Fer fuck’s sake, not only do these people speak no English but they’ve even got a different alphabet – totally devoid of vowels and full of top-scoring Scrabble consonants.

Let’s not forget the actual purpose of the EUSSR. It’s just one step towards consolidating the New World Order system of global government run from the top by the Ashkenazi-Sabbatean Jews of convenience banksters - and according to the dictates of their notorious Protocols of the Greedy Bastard Elders of Zion – a purported Tsarist Russian black propaganda forgery that has the likes of Nostradamus beat hands down any day of the week due the accuracy of it’s counterfeit prophecies – all of which are coming true.

Okay, we are inclined to ask, if Britain’s ‘Got Talent’ they why are we burdened with a bunch of moronic clots in the House of Conmans and Shitehall who are definitely not out to serve the best interests of the voting, and tax-paying, public – as instanced by New Labour’s kilted clot of a Chancellor, the intellectually-challenged Gordon ‘Incompetence’ Brown - flogging off 400 tons of our reserves of gold bullion for a firesale bargain of US$ 270 bucks per troy ounce when the current 2011 price stands at a record $1,593 less than ten years later. Now, given the facility of 20/20 hindsight, who needs a good kick in the arse?

The Brussels-based crime syndicate are intent on sacrificing Britain and our national identity to global interests – starting with the Bedlam-run EUSSR – a wholly corrupt political institution which has adopted a revised Malthusian Catastrophe concept of how to keep milking the cow without feeding it and created a 27 member Debtocracy.

Thought for the day: The entire Euro crisis be fucked.
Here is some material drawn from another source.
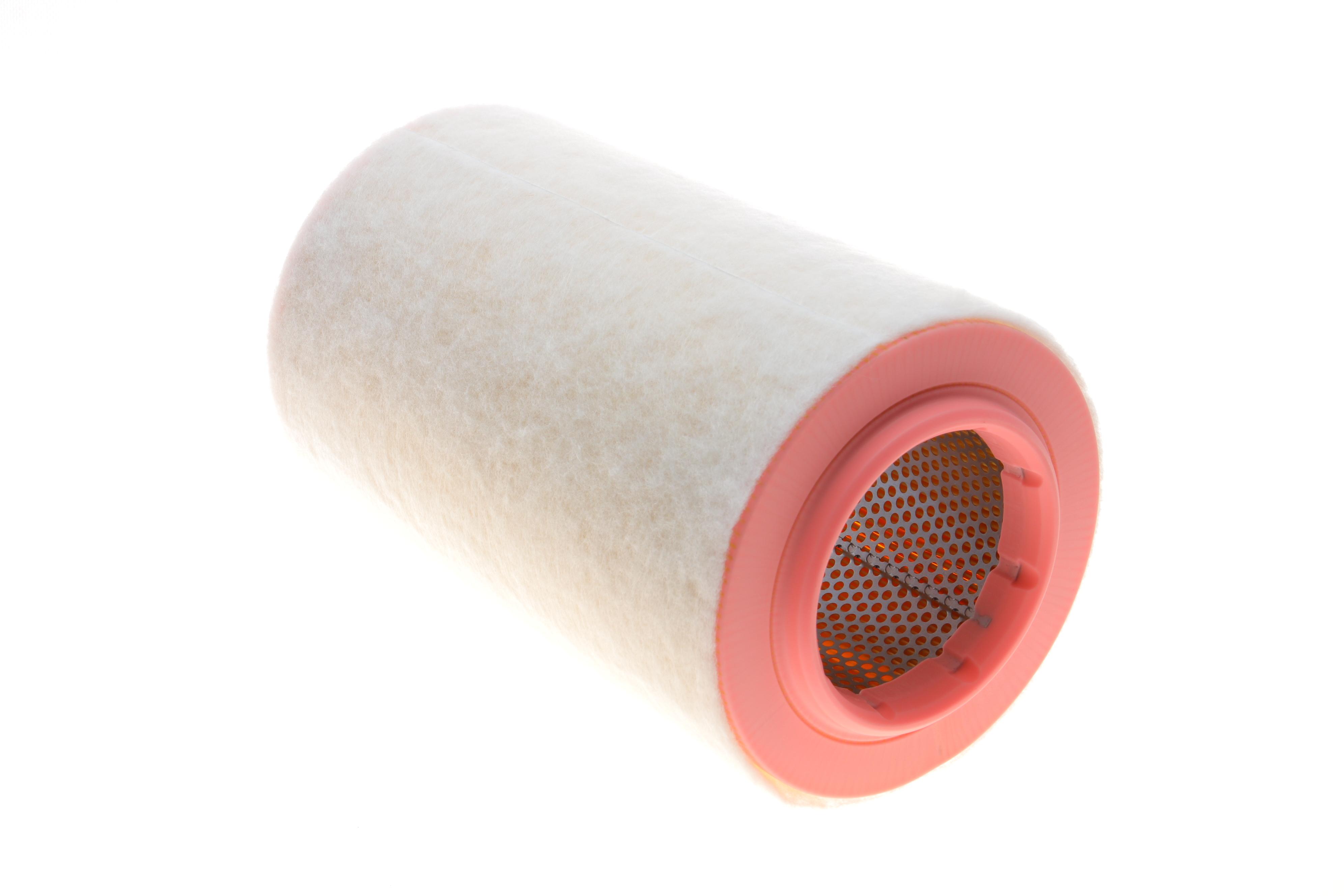 Фільтр повітряний Citroen Jumper 2.0BlueHDi/2.2HDi/3.0HDi/Fiat Ducato 2.0-3.0JTD 06- (з поролоном)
The strategy is to terminate with extreme prejudice the social middle classes via this Shylock bankster-engineered recession (read ‘Depression’ with a large capital D) which is intended to provide the rationale to enforce redundancies, foreclose mortgages, slash public wages, freeze pensions, increase the retirement age and cut state subsidies.

Alas the dog wanker Illuminati kikesters plotting and scheming via the CFR and Club of Rome and Trilateral Commission and Bilderberg, etcetera, et al, need to reflect on history and why a middle class was created – as a buffer zone between the have-nots and the ‘have’s’ – as instanced so well by the sanguinary extinctions of the ruling Bourbon clan of France in 1789 and Russia’s Romanov tribe in 1917 – in what are commonly referred to as ‘bloody revolutions’.

So, if Scameron and his fuck-up of a Libservative Coalition government won’t now concede to holding the referendum that was promised then next election we vote for the semi-indestructible Nigel Barrage and his UKIP Party – he’ll have us out of Brussels and back to sovereign status faster than shit through a goose.

Oh, and by the way, fuck the EUSSR and Big Brother – and his sister – and the panopticon state New World Order.

Allergy warning: This article was written in a known propaganda-infested area and may contain traces of slight exaggeration, modest porkies, misaligned references and lashings of bush telegraph innuendo.

Rusty’s Skewed News Views (Purveyors of Bespoke Satire) enhanced with a modest touch of Yeast Logic and a piquant dash of Political Incorrectness: a newsheet and media source not owned by Rupert Murdoch and the Masonic Zionist kikester lobby – and immune from litigation under the statutes of the ‘Fair Comment in the Public Interest’ defence.